Whilst banks may contribute positively to climate change, as they begin to finance more sustainable endeavours such as low-carbon projects, this paper employs a quantitative approach to determine the extent of their ethical investing policies. The report analyses the loans and underwritings provided by the world’s 50 largest banks in 2019 to provide greater clarity on their most damaging investments, inadequate regulation, and poor awareness of biodiversity issues.
The quantitative analysis uses Thomson’s Reuter’s Business Classification (TRBC), which includes the economic sector, business sector and industry group, to establish a link between finance and biodiversity risk.
There are a series of key findings and recommendations that can be derived from this report. The general observations are listed below, whilst recommendations can be found in ‘Key Insights’.
Key findings:
- Size of banks is not a determinant of their contribution to pollution.
- Each of the 50 banks in the research were linked to finance with biodiversity risk, at an average of USD 52 billion per bank.

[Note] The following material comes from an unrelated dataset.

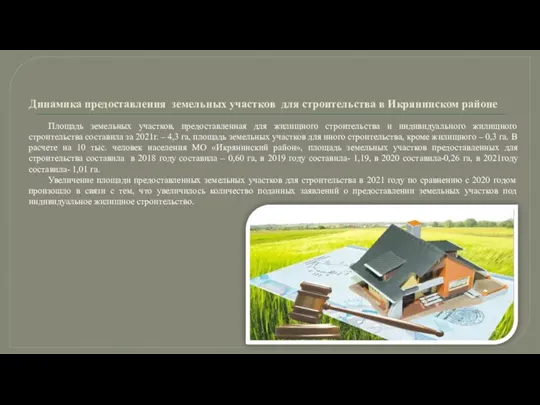 Динамика предоставления земельных участков для строительства в Икрянинском районе Площадь земельных участков, предоставленная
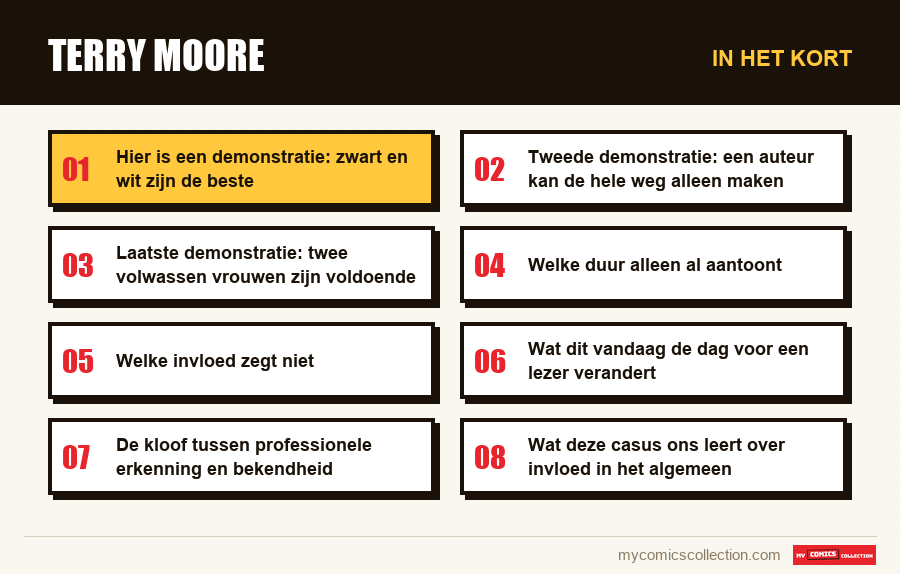In het kort : Terry Moore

- The analysis indicates that banks have a lack of knowledge and understanding to reduce the impact their lending portfolios have on biodiversity risk
- Although all banks performed poorly, North American banks were particularly careless in their consideration of biodiversity risk.
- All of the banks assessed failed to demonstrate sufficient systems that measure the impact on biodiversity of their lending decisions.
- The banks failed to report biodiversity risk adequately, focusing far more on broader environmental risk.
- Regarding customers, none of the banks provided an option for the customers to choose how their money is being invested, failing to disclose high risk loans and stress-testing of balance sheets.
- Although 70% of banks adopted the Equator Principles (a framework designed to monitor environmental and social risk), they demonstrated no public support for biodiversity initiatives such as the Aichi Biodiversity Targets.
Sector specific findings:
The study explores the link between finance and biodiversity risk by identifying primary sectors of issue.
- Food System (Fisheries and Aquaculture): The analysed banks issued more than USD 380 billion of finance to the food sector (including fisheries), a sector broadly recognised as a primary driver of biodiversity loss.
- Agriculture: Bank loans have been found to drive deforestation through forestry companies, and financing industries along the supply chain.
- Mining: 49 (of the 50) banks assessed are at risk of financing biodiversity through the wider mining sector.
- Fossil Fuels: Banks were linked to 57% of all loans in the fossil fuel sector.
- Infrastructure: USD 800 billion in loans to this sector, linked to direct and indirect biodiversity loss.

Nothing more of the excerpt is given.